9 Right-of-use assets
Land and Plant and
buildings equipment Total
GBP'000 GBP'000 GBP'000
Cost
New leases recognised 20,508 24,514 45,022
Reclassification of finance lease assets 402 1,295 1,697
------------------------------------------ ----------- ----------- --------
At 1 January 2019 20,910 25,809 46,719
Additions 74 6,089 6,163
------------------------------------------ ----------- ----------- --------
At 31 December 2019 20,984 31,898 52,882
------------------------------------------ ----------- ----------- --------
Depreciation and impairment losses
At 1 January 2019 - - -
Depreciation change for the year 2,057 10,811 12,868
------------------------------------------ ----------- ----------- --------
At 31 December 2019 2,057 10,811 12,868
------------------------------------------ ----------- ----------- --------
Net book value
1 January 2019 20,910 25,809 46,719
------------------------------------------ ----------- ----------- --------
31 December 2019 18,927 21,087 40,014
------------------------------------------ ----------- ----------- --------
Depreciation charge
The depreciation charge is recognised in the following line
items in the Consolidated Income Statement:
2019 2018
GBP'000 GBP'000
-------------------- ------- -------
Net operating costs 12,868 -
-------------------- ------- -------
Lease commitments
2019 2018
GBP'000 GBP'000
--------------------------------------------------- ------- -------
Lease commitments that has been contracted for but
have not yet commenced 1,764 -
--------------------------------------------------- ------- -------
10. Lease liabilities
31 December 1 January
2019 2019
GBP'000 GBP'000
Analysed as:
Amounts due for settlement within 12 months
(shown under current liabilities) 9,736 11,523
Amounts due for settlement after 12 months 32,224 34,997
--------------------------------------------- ------------ ----------
41,960 46,520
--------------------------------------------- ------------ ----------
2019
-----------------------------
Minimum
lease
payments Interest Principal
GBP'000 GBP'000 GBP'000
-------- -------- ---------
Less than 1 year 10,835 1,099 9,736
1 to 2 years 8,322 1,476 6,846
2 to 5 years 12,469 2,080 10,389
In more than 5 years 21,225 6,236 14,989
---------------------- -------- -------- ---------
52,851 10,891 41,960
--------------------- -------- -------- ---------
As at 31 December 2019, the total minimum lease payments (above)
comprised property of GBP30,323,000 and plant, machinery and
vehicles of GBP22,528,000
Certain leased properties have been sublet by the Group.
Sublease payments of GBP214,068 (2018: GBP207,779) are expected to
be received during the following financial year.

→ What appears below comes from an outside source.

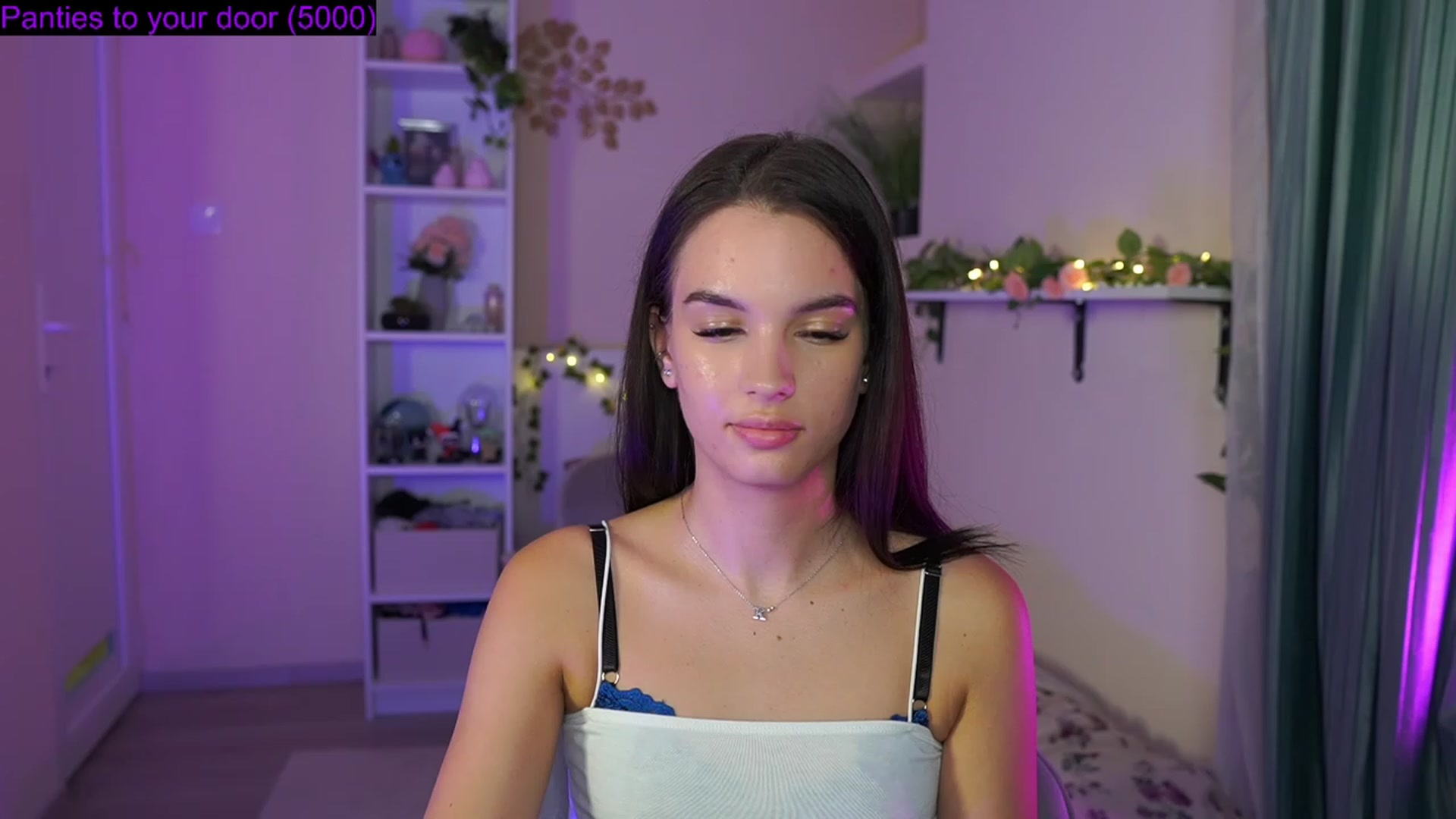 Gallery image thumbnail from Kylie_Quinn's myfreecams stream on, 10/13/2023, 22:56 image 16 of 20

An amount of
GBP229,034 (2018: GBP211,164) was recognised as income in the
Consolidated Income Statement within net operating costs in respect
of subleases.
The Group does not face a significant liquidity risk with regard
to its lease liabilities. The interest expense on lease liabilities
amounted to GBP1,342,000 for the year ended 31 December 2019. Lease
liabilities are calculated at the present value of the lease
payments that are not paid at the commencement date.
For the year ended 31 December 2019, the average effective
borrowing rate was 2.9 per cent. Interest rates are fixed at the
contract date. All leases are on a fixed repayment basis and no
arrangements have been entered into for contingent rental
payments.
11 Employee benefits
The Company sponsors a funded defined benefit pension scheme in
the UK (the "Scheme"). The Scheme is administered within a trust
which is legally separate from the Company. The Trustee Board is
appointed by both the Company and the Scheme's membership and acts
in the interest of the Scheme and all relevant stakeholders,
including the members and the Company. The Trustee is also
responsible for the investment of the Scheme's assets.
The defined benefit section of the Scheme provides pension and
lump sums to members on retirement and to dependants on death. The
defined benefit section closed to future accrual of benefits on 30
June 2006 with the active members becoming entitled to a deferred
pension. Members no longer pay contributions to the defined benefit
section. Company contributions to the defined benefit section after
this date are used to fund any deficit in the Scheme and the
expenses associated with administering the Scheme, as determined by
regular actuarial valuations.
The Trustee is required to use prudent assumptions to value the
liabilities and costs of the Scheme whereas the accounting
assumptions must be best estimates.
The defined benefit section of the Scheme poses a number of
risks to the Company, for example longevity risk, investment risk,
interest rate risk, inflation risk and salary risk. The Trustee is
aware of these risks and uses various techniques to control them.
The Trustee has a number of internal control policies, including a
risk register, which are in place to manage and monitor the various
risks it faces. The Trustee's investment strategy incorporates the
use of liability-driven investments ("LDIs") to minimise
sensitivity of the actuarial funding position to movements in
interest rates and inflation rates.
The defined benefit section of the Scheme is subject to regular
actuarial valuations, which are usually carried out every 3 years.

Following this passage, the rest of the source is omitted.